Книга Женщина в зеркале, страница 18. Автор книги Эрик-Эмманюэль Шмитт

Разделитель для чтения книг в онлайн библиотеке

Онлайн книга «Женщина в зеркале»

Cтраница 18

Из этой торжественной речи присутствующие не поняли ни слова. Годельева, помолчав, пролепетала:

— О чем это вы?

— О господи! — прорычал Брендор. — Ведь очевидно, что это дитя предназначено Богу!

Женщины застыли с разинутыми от удивления ртами.

Господь есть призвание Анны? Это никому не приходило в голову.

В том числе и Анне.

8

Вена, 2 июня 1905 г.


Дорогая Гретхен,

говорила ли я тебе о своей коллекции? Я как-то случайно начала собирать ее в Италии и потом настолько втянулась, что пришлось докупить три чемодана, чтобы перевозить ее во время наших странствий; а с тех пор как мы обосновались в Вене, это увлечение совершенно поглотило меня.

Прости, я увлеклась и еще ничего тебе не объяснила… Я просто без ума от цветов в стекле! Эти стеклянные шары, заключающие в своей твердой воде фиалки, ромашки, полевые цветы, бабочек, различные лица — я разыскиваю их, а найдя, покупаю. О, кажется, я могла бы даже похитить их!

Мои шкафы ломятся под тяжестью «Бигалья», «Баккара», «Сен-Луи» и «Клиши». [2] Шары выставлены в моем будуаре и занимают все полки. Простые, веселые, девичьи, невинные, они переливаются сотнями ярких цветов. Их шарообразная форма и основание напоминают сахарные головы. Эти выдумки чаруют всех и вся, включая солнечный свет, который они притягивают и удерживают в глубине, как паутина, захватившая радугу.

При взгляде на них я невольно погружаюсь в мечты. Когда мои глаза блуждают среди этих нетленных цветов, когда взгляд мой скользит по воздушным пузырькам, попавшим в хрустальные шары каплями вечной росы, мое воображение воспаряет ввысь… Не знаю ничего более роскошного, больше того, ни одна вещь никогда не рождала во мне столько мыслей и чувств.

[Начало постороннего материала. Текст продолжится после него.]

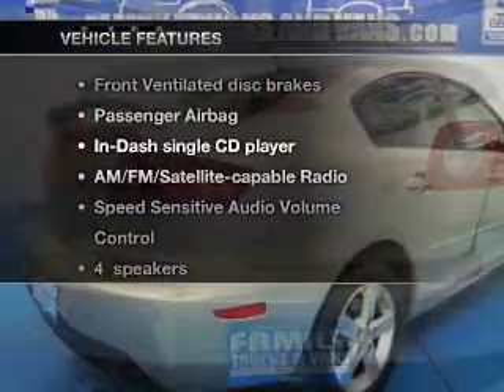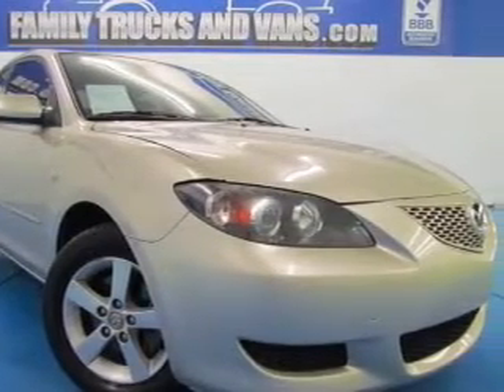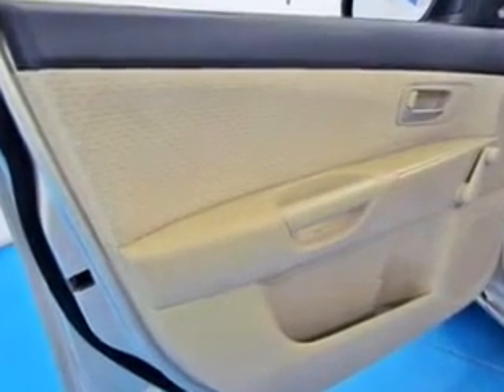Plus, enjoy these notable features that are included in this vehicle: power door locks, power windows, cruise control, an AM-FM stereo with a CD player, a satellite radio, power mirrors, and power steering. Call today to schedule a test drive.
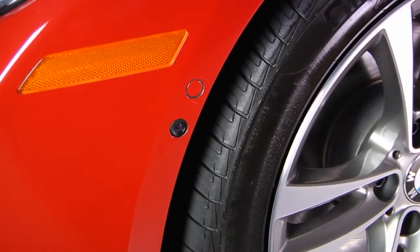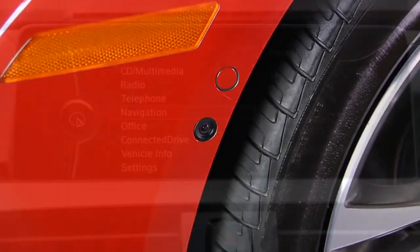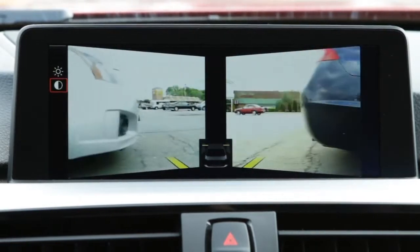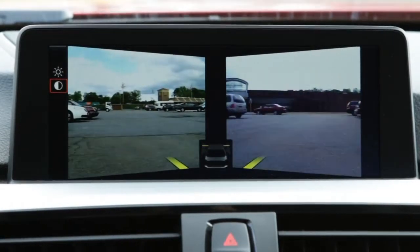Generally speaking, these cameras are positioned at the front outer edge of the front wheel arches. The cameras give a wide angle view of the area directly to the side for up to 330 feet in both directions. The images from both cameras are shown simultaneously in the iDrive display monitor.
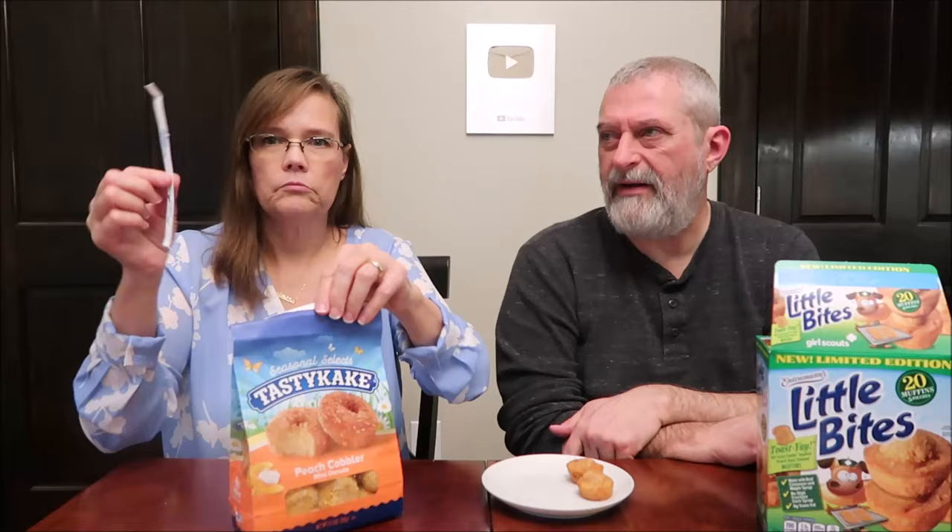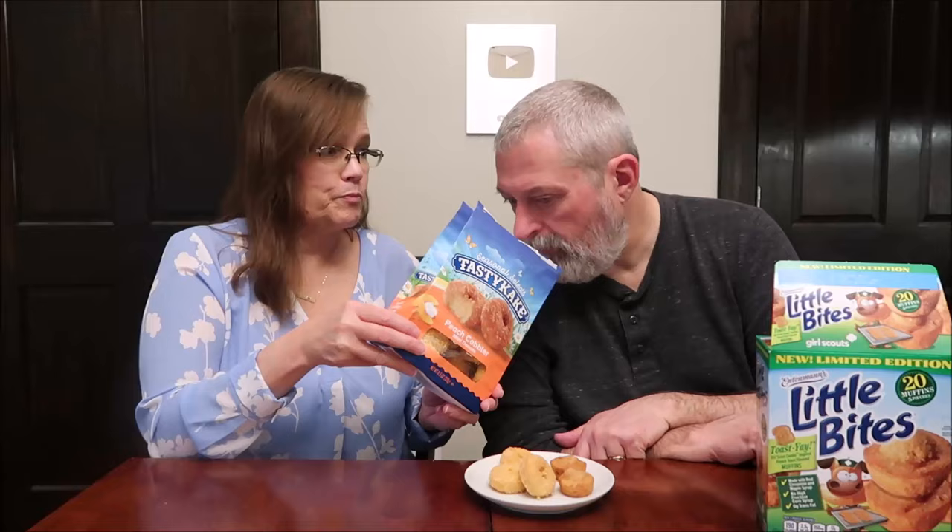I could eat a whole package of those in no time. I wouldn't buy these though - I like some of their other flavors better. I do like these, I don't think they're bad, but other flavors they have are better. The cinnamon is not that really harsh what we call 'cabinet cinnamon' - not like a raw cinnamon powder.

Именно эти замечательные творения превратили меня в завзятого коллекционера, а не наоборот. Прежде у меня не было склонности к таким причудам. Нужно побывать в стеклодувной мастерской в Мурано, чтобы тебя как удар молнии поразила эта страсть…

Когда я приношу в дом новые экземпляры, мне кажется, что спасти их от улицы, предоставить им кров равносильно их освобождению. Ведь, ценя эту безмолвную красоту, я освобождаю ее от обыденного домашнего употребления в качестве пресс-папье, держателей для книг, украшения перил. Здесь они вновь становятся произведениями искусства.

К чему я это описываю? Мне хочется представить тебе те самородки радости, которыми усеяна моя жизнь.

Вне этого увлечения жизнь остается странной, или, скорее, мой образ жизни становится все более и более своеобразным. У меня есть все, чтобы быть счастливой, но я так далека от этого. Хоть я и стараюсь… Каждый день напоминаю себе, что я высокопоставленная особа, что я любима, желанна, живу во дворце, вхожа в высшее венское общество; ежечасно я твержу себе, что у меня превосходное здоровье и еды куда больше, чем нужно, чтобы утолить голод, что я общаюсь с интересными людьми, что в столице империи мне достаточно отправиться в Оперу, на концерт, в театр или художественные галереи, чтобы видеть создания человеческого гения. Каждую ночь я смотрю на красивое тело спящего мужа, твердя себе, что девять австрийских женщин из десяти желали бы занять мое место.

Но несмотря на эти сознательные упражнения, вопреки благим намерениям терплю поражение. Я сознаю свое счастье, но не ощущаю его.

Недомогание где-то рядом…

Если бы я хотя бы могла назвать его…

Зачем я просыпаюсь по утрам? На протяжении дня ничто, кроме моей коллекции, меня не привлекает. И все же я мужественно напяливаю униформу, вновь откатываю свою роль, вношу изменения в реплики, планирую приходы и уходы, готовлю комедию своего существования. Быть может, я замираю после чуда… Какого? Нужно перестать видеть свои действия со стороны. Перестать быть актрисой или зрительницей собственного спектакля. Перестать судить себя, критиковать, обнаруживать собственный обман. Чтобы наконец, как сахар в воде, истаять в реальности, раствориться в ней.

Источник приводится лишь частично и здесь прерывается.